● **WHAT YOU WILL DO**
Starting with the line in which "14 Stück Whimzees" appears, give back every line exactly as written until the listing ends, excluding pictures.

● **INFORMATION PROVIDED**
******************************

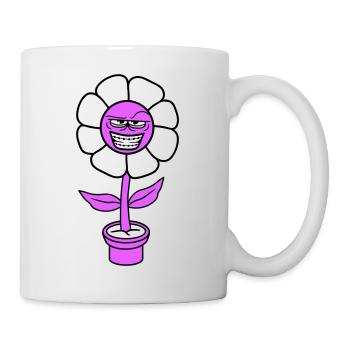 Blume Guckt Böse Gemein Cool Grinsen Frech Gesicht - Tasse - Weiß - Rechts
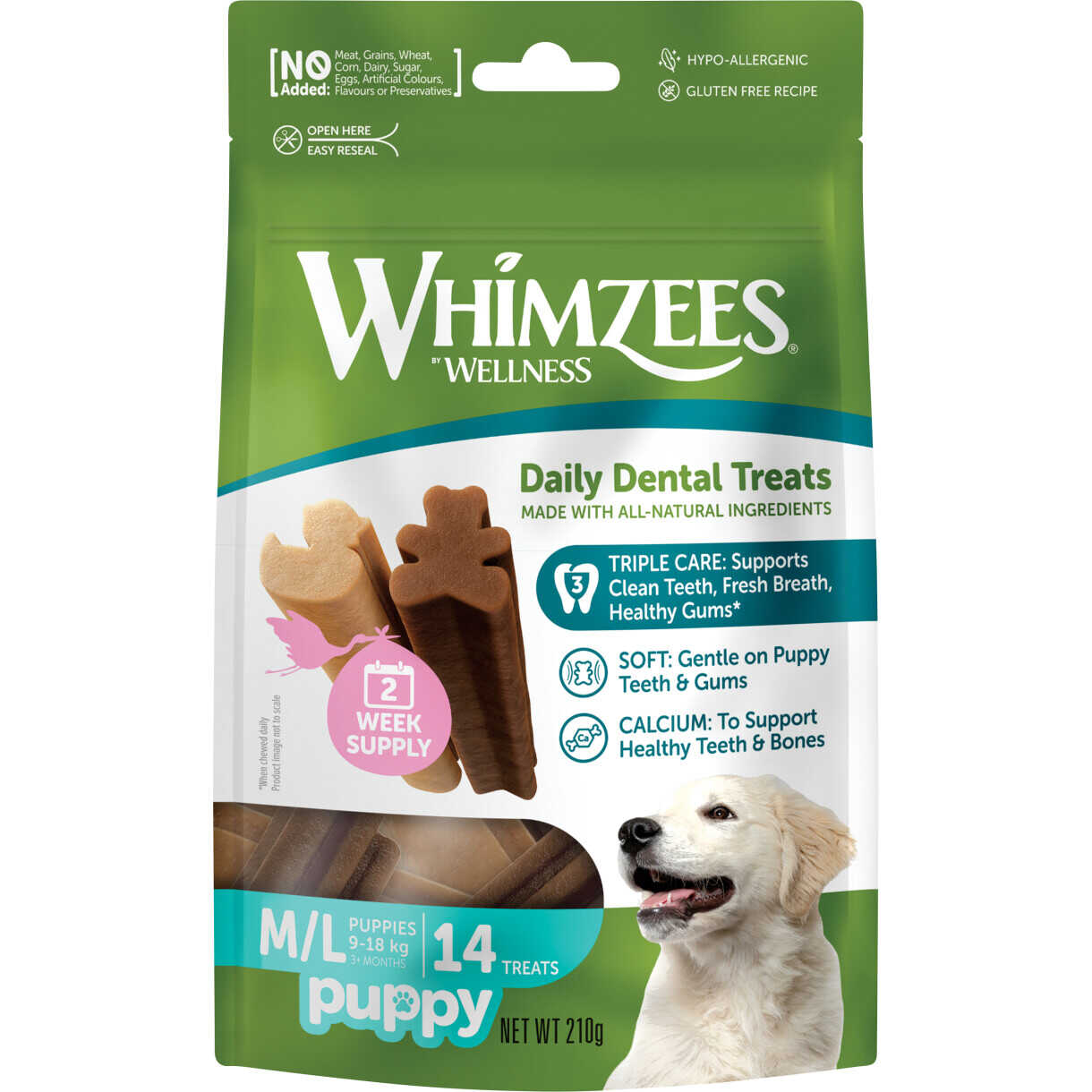 14 Stück Whimzees Dental Stix M/L für mittelgroße Welpen 9-18 kg
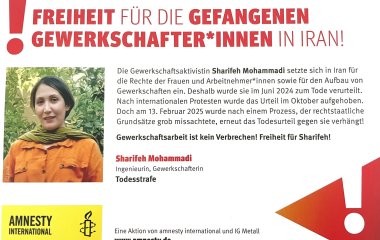 Postkarte einer Aktion von gewerkschaftsfreiheit International. Für die Freilassung von Gewerkschafterin Mohammadi im Iran.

******************************

● **RESPONSE BOX**
 14 Stück Whimzees Dental Stix M/L für mittelgroße Welpen 9-18 kg
 Postkarte einer Aktion von gewerkschaftsfreiheit International. Für die Freilassung von Gewerkschafterin Mohammadi im Iran.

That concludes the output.